Hassan est un ex-taulard toujours prêt à se vendre au plus offrant pour effectuer des mauvais coups et en retirer un maigre bénéfice. Son fils Issam a pour l’instant réussi à ne pas suivre la voie de son père, quitte à effectuer les boulots les plus ingrats pour un salaire de misère. Les deux acceptent une tâche qui ne devrait leur demander guère d’efforts : pour le compte de Dib, kidnapper et donner une leçon à l’homme qui, la veille, l’a roué de coups, après un combat de chiens perdu.
Hassan et Issam réussissent sans trop de difficultés à mettre la main sur le colosse et à l’embarquer dans le coffre de la camionnette asthmatique qui leur a été prêtée pour l’occasion. Mais le prisonnier ne survit pas à l’épreuve et les deux hommes se retrouvent avec un cadavre volumineux dont ils doivent se débarrasser avant le lever du soleil.

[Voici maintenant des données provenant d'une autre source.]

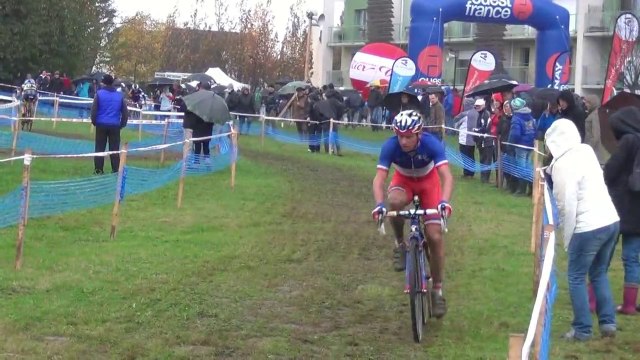 Francis Mourey. Cyclo-Cross La Mézière 2014 (HD)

Le scénario des "Meutes" présente un défaut structurel, le même que celui que j’avais déjà pointé du doigt dans "Juste une nuit", un film iranien sorti l’automne dernier, qui présente de nombreuses analogies avec ce film marocain : on sait par avance, au moins pendant les trois premiers quarts du film, que toutes les tentatives des deux hommes de se délivrer de leur encombrant colis seront vaines… sauf à ce que le film perde immédiatement son unique moteur.
Pour tourner cet écueil, il faut donc se désintéresser de l’histoire que "Les Meutes" raconte pour n’y voir qu’un prétexte à autre chose : la description des bas-fonds de Casablanca, loin de toute l’imagerie de carte postale que la grande cité portuaire marocaine charrie depuis Michael Curtiz, et celle des trognes cassées qui la peuplent – à commencer par celle incroyable de Abdellatif Masstouri dans le rôle de Hassan.
"Les Meutes" m’a rappelé d’autres films. Avec "Médecin de nuit", qui suit à la trace Vincent Macaigne l’espace d’une nuit dans le vingtième arrondissement parisien, ou "Juste une nuit" que j’ai déjà cité, il partage la même unité de temps : son action, qui en est d’autant plus étouffante, se déroule l’espace d’une nuit. Parce qu’il se déroule au Maroc et parce que son histoire, elle aussi, est ramassée en vingt-quatre heures à peine, j’ai songé à "Sofia", qui raconte la machination ourdie par une femme pour s’éviter le stigmate d’une grossesse hors mariage. Mais c’est surtout à l’atmosphère poisseuse de quelques polars iraniens récents que "Les Meutes" m’a fait penser : bien sûr "La Loi de Téhéran", une plongée asphyxiante dans le monde interlope et nocturne de la pègre, mais plus encore "Marché noir", un autre film iranien éclipsé hélas par le précédent, qui mettait précisément en scène un père et son fils contraints d’enterrer trois hommes retrouvés congelés dans une chambre froide.
Les avanies qui se succèdent et empêchent Hassan et Imam de faire disparaître leur encombrant colis seraient presque comiques à force d’accumulation. Mais "Les Meutes" ne prête guère à rire. Au contraire, jusqu’à son ultime plan – un chouïa trop malin pour n’être pas poseur – il glace les sangs.
Après avoir tressé tant de louanges aux cinémas algérien ("La Dernière reine", "Papicha") et tunisien ("Les Filles d’Olfa", "Un fils", "Une histoire d’amour et de désir"), "Les Meutes" m’offre une nouvelle occasion de vanter les qualités d’un jeune cinéma marocain en pleine effervescence dont quasiment chacune des productions est une réussite.